Apple M2 Support Added To Upstream LLVM Along With The A15, A16

Collapse
X
 
  • Filter
  • Time
  • Show
Clear All
new posts
  • coder
    Senior Member
    • Nov 2014
    • 8843

    #21
    Originally posted by CommunityMember View Post
    And likely some good reasons not to move. While the details of the license Apple has with ARM is under NDA, an architecture license (which is what Apple has been presumed to have), does not allow use of a different variant without payments of additional fees. There are no (currently named) companies with an architecture license for ARMv9 (not that we would necessarily know if there are any).
    Considering the size of ARM's revenues, these fees should be negligible for someone like Apple. Of all the reasons not to advance to ARMv9-A, this strikes me as the least likely.

    Comment

    • coder
      Senior Member
      • Nov 2014
      • 8843

      #22
      Originally posted by CommunityMember View Post
      While just adding a name is easy, there are also scheduling/tuning/feature values, and those are (primarily) known only to the chip designer.
      I'm guessing you didn't actually look at the patch before writing this, because it has no scheduling or tuning details.

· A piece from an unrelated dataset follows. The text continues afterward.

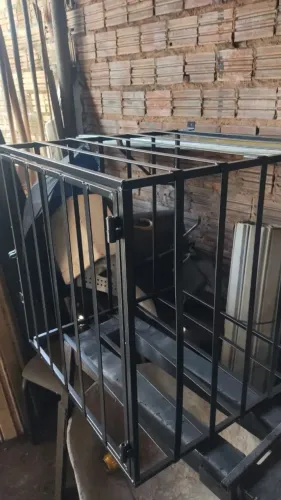 Gaiola de proteção para condensadora de ar condicionado.
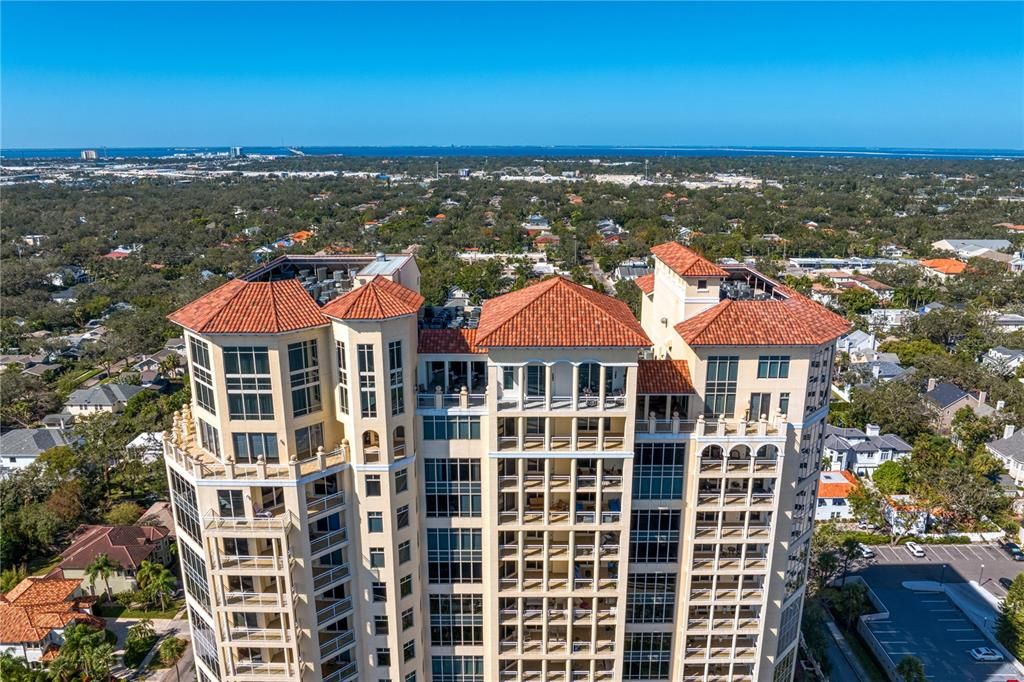 For Sale: $6,999,000 (3 beds, 3 baths, 6143 Square Feet)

      And even if Apple weren't the ones submitting this patch, presumably to be followed by tuning details, it shouldn't be too hard to devise a set of tests (if they don't already exist) to determine decent values experimentally.

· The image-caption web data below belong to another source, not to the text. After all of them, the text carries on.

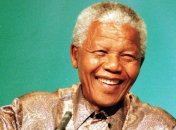 Семья Манделы требует восстановить семейное захоронение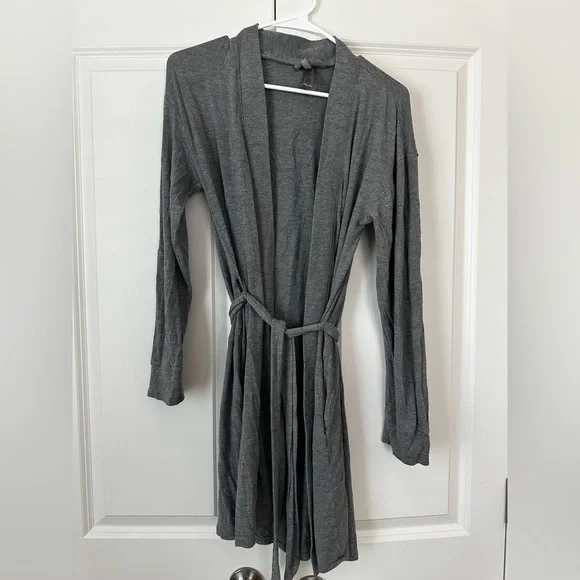 Skims Soft Lounge Robe - Picture 2 of 6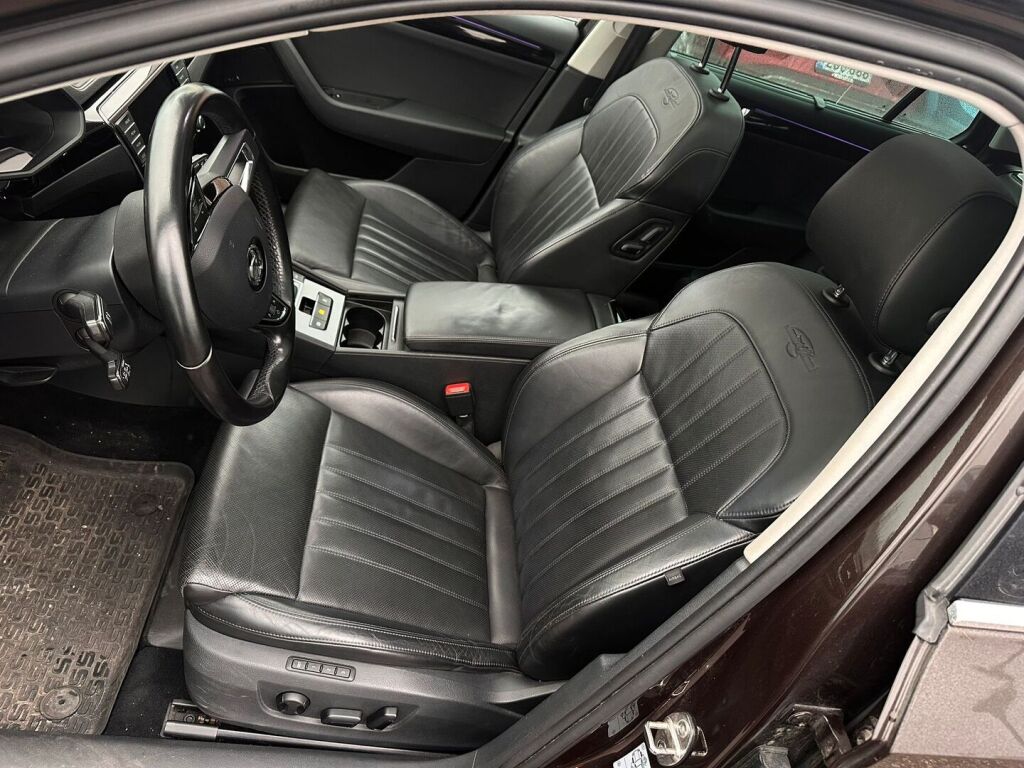 Skoda Superb 2017 Ruskea (beige)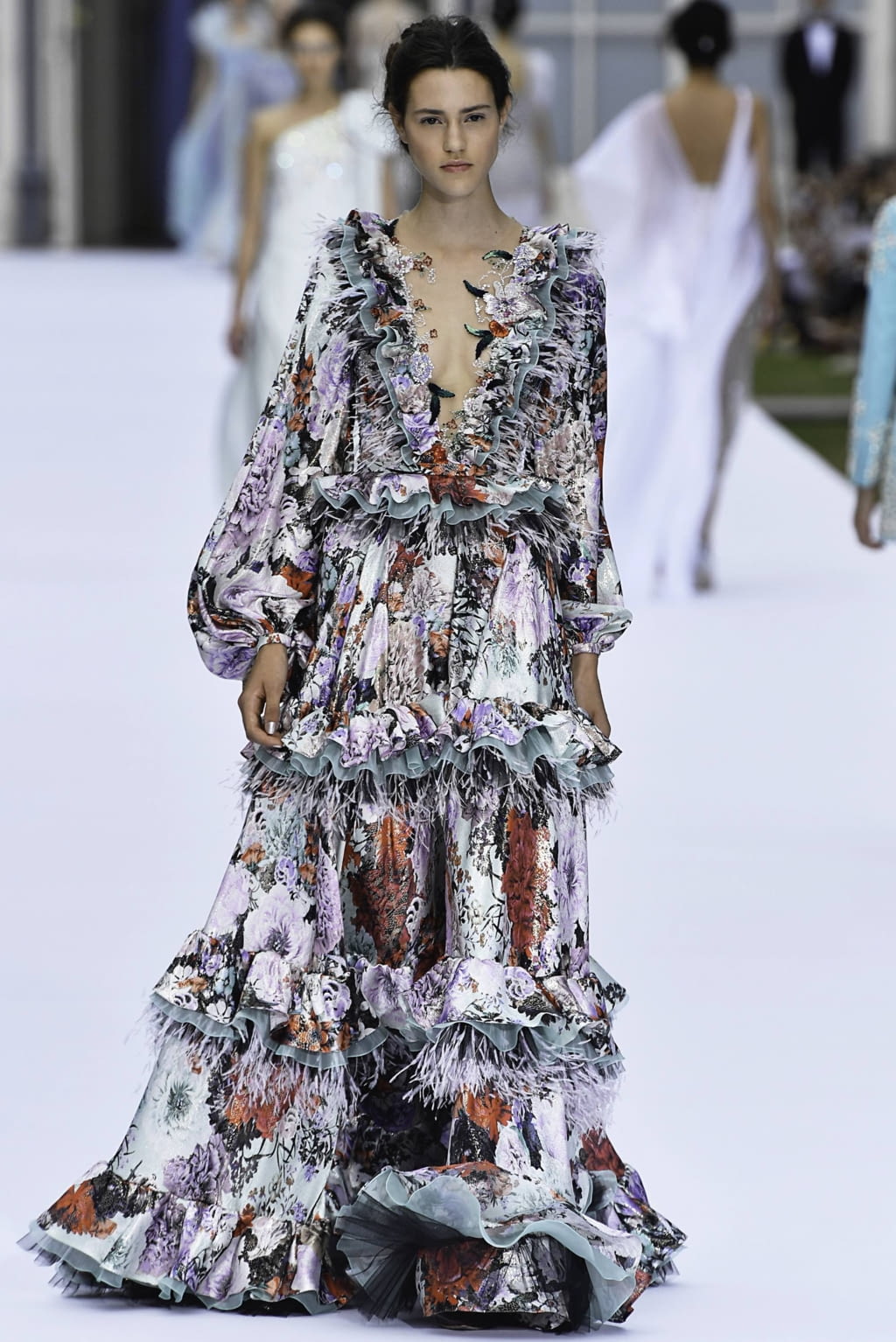 Fashion Week Paris Fall/Winter 2019 look 10 de la collection Ralph & Russo couture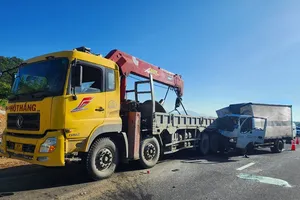 Tai nạn trên cao tốc Vĩnh Hảo-Phan Thiết, phụ xe văng khỏi cabin tử vong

      Originally posted by CommunityMember View Post
      In this case they had to use some specific settings to enable features (as the commit comment explicitly mentions).
      That was just because the ISA features didn't neatly align with ARMv8 feature levels. It would be trivial for anyone with access to these devices to write a little test program to actually test which instructions are supported. Of course, because it's Apple, they already knew.

      Comment

      • name99
        Senior Member
        • Mar 2013
        • 288

        #23
        Originally posted by coder View Post
        What I find shocking is that The A16 is still only ARMv8-A.

        I guess there's no reason Apple has to move to ARMv9-A until it's good & ready, but they're probably going to start missing out on some SVE2 optimizations, if they drag their feet too much longer. As much as Apple controls its own software ecosystem, app developers surely use a fair amount of open source libs that'll begin to gain SVE2 codepaths, as ARMv9 becomes the default for new Android devices and Windows-ARM laptops.

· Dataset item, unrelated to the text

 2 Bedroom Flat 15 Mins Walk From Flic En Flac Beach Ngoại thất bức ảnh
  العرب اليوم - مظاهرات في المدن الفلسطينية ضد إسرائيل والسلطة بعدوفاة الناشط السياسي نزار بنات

        In the server market, Graviton 3 is probably the last big server CPU not to use ARMv9, but even it has SVE1.
        Or maybe the plan is to provide an alternative to SVE…
        SVE is better than the hash Intel has made of AVX but it’s far from perfect in various ways.
        Look up the Macroscalar architecture…

        Comment

        • name99
          Senior Member
          • Mar 2013
          • 288

          #24
          Originally posted by coder View Post
          I'm guessing you didn't actually look at the patch before writing this, because it has no scheduling or tuning details.

          And even if Apple weren't the ones submitting this patch, presumably to be followed by tuning details, it shouldn't be too hard to devise a set of tests (if they don't already exist) to determine decent values experimentally.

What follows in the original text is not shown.